=== Source information ===
* * * * *

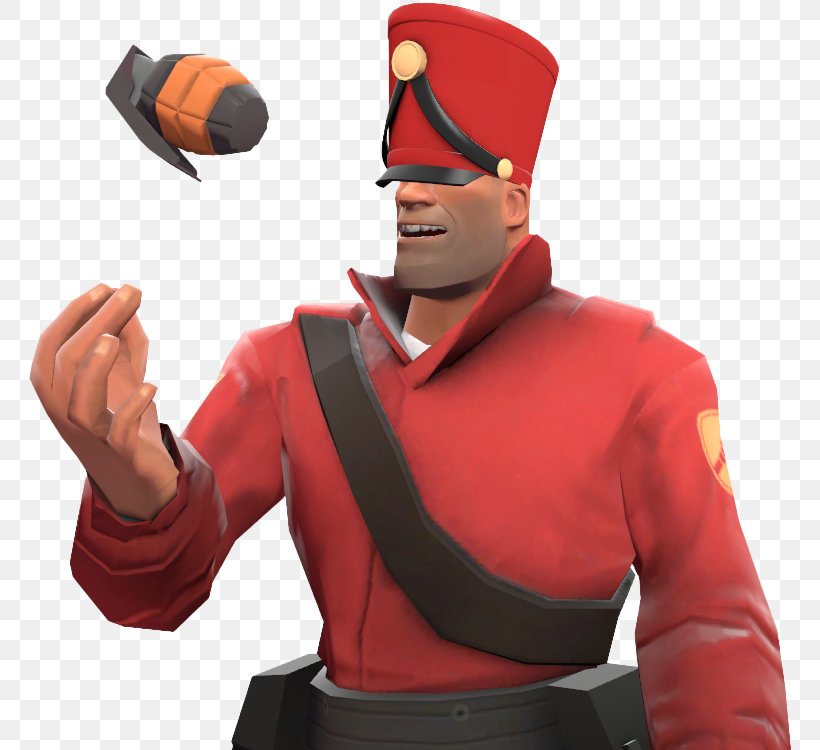 Team Fortress 2 Shako Minecraft Half-Life 2 Hat, PNG, 766x750px, Team Fortress 2, Action Figure, Bonnet, Cap, Fictional Character Download Free
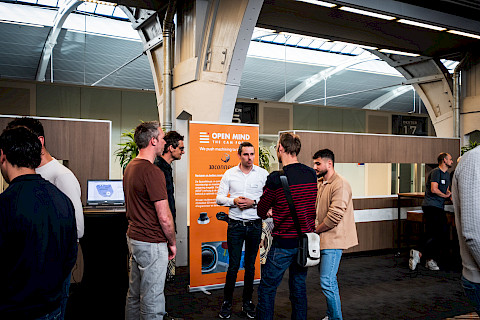 OPN1PI820_nl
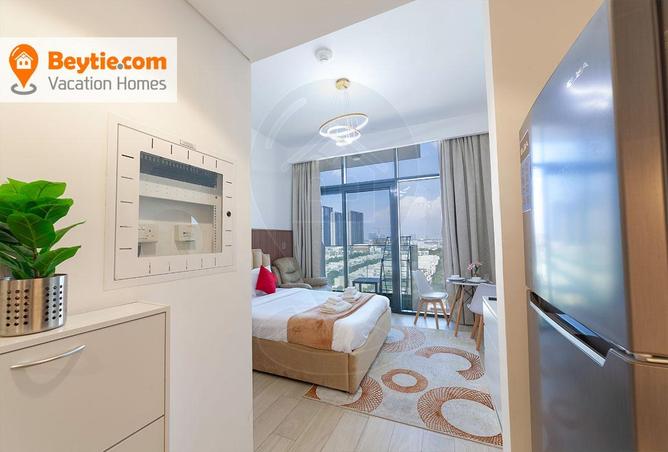 15505118 - Property Image 2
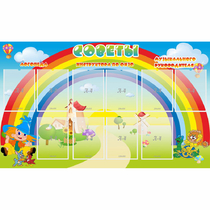 Стенд "Советы" - «globural.ru» - Краснокамск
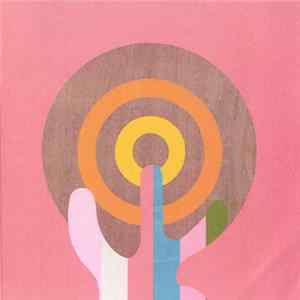 Autoheart - Possibility mp3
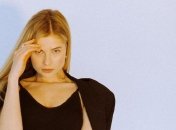 Хит лета 2020: Анна Кудряшова представила новый трек (Видео)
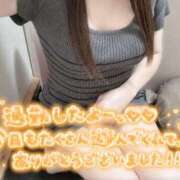 ヒメ日記 2026/08/09 19:03 投稿 はなみ 逆電車ごっこ ～GLAMOROUS TRAIN～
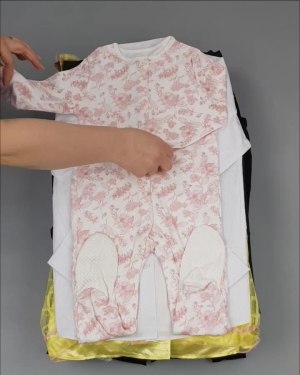 Фотография  966 - TU Kids#8 кг, ЛОТ №3580 оптом в Магадане и Магаданской области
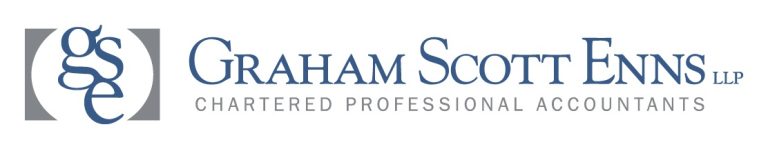 Graham Scott Enns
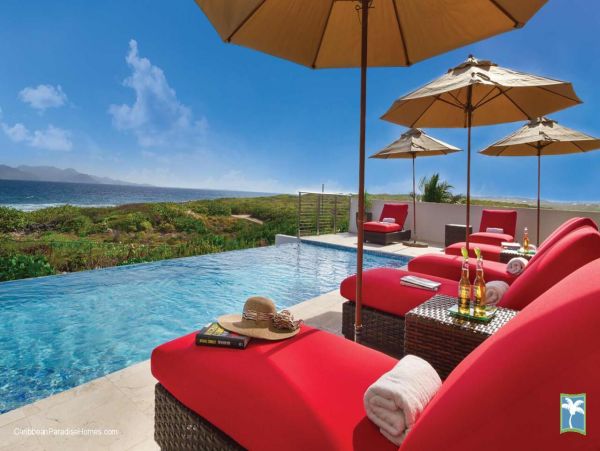 Anguilla Home 958152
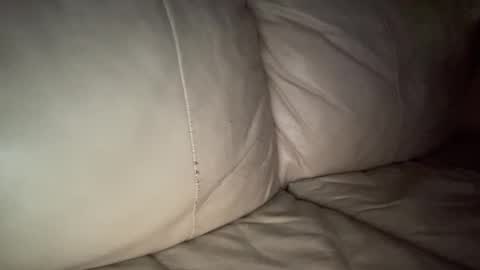 Snapshot of hardcock2622 chatting on 12/08/24, 08:51 Slim West Cox online show from 12/08/24, 08:51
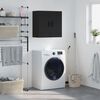 Product Thumbnail Image 2 of 12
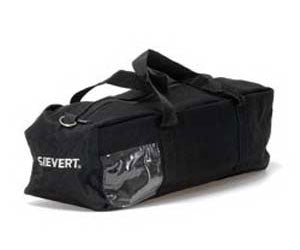 Sievert Canvas Bag Large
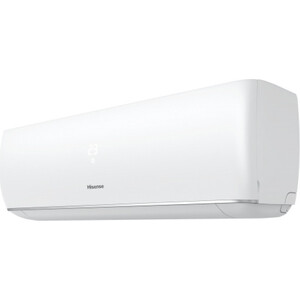 p1316756-2mw 10_04_2023 18_56_07.jpg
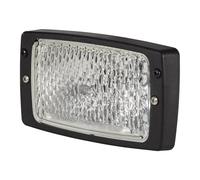 Hella Lampe de travail 1GB 006 213-111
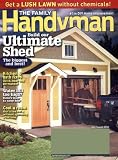 Buy : Family Handyman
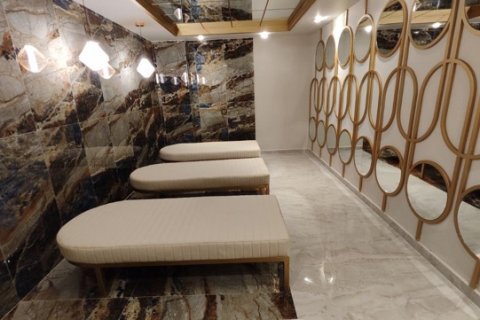 Daire 2+1 Antalya, Türkiye №184544 - 26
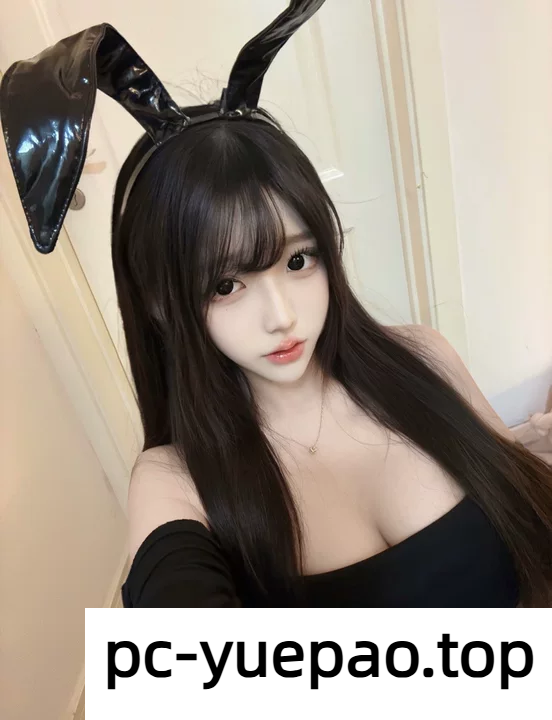 17063855652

* * * * *

=== How to complete this task ===
Word for word, repeat all the data, but not its images.

=== Answer to the exercise ===
 Team Fortress 2 Shako Minecraft Half-Life 2 Hat, PNG, 766x750px, Team Fortress 2, Action Figure, Bonnet, Cap, Fictional Character Download Free
 OPN1PI820_nl
 15505118 - Property Image 2
 Стенд "Советы" - «globural.ru» - Краснокамск
 Autoheart - Possibility mp3
 Хит лета 2020: Анна Кудряшова представила новый трек (Видео)
 ヒメ日記 2026/08/09 19:03 投稿 はなみ 逆電車ごっこ ～GLAMOROUS TRAIN～
 Фотография  966 - TU Kids#8 кг, ЛОТ №3580 оптом в Магадане и Магаданской области
 Graham Scott Enns
 Anguilla Home 958152
 Snapshot of hardcock2622 chatting on 12/08/24, 08:51 Slim West Cox online show from 12/08/24, 08:51
 Product Thumbnail Image 2 of 12
 Sievert Canvas Bag Large
 p1316756-2mw 10_04_2023 18_56_07.jpg
 Hella Lampe de travail 1GB 006 213-111
 Buy : Family Handyman
 Daire 2+1 Antalya, Türkiye №184544 - 26
 17063855652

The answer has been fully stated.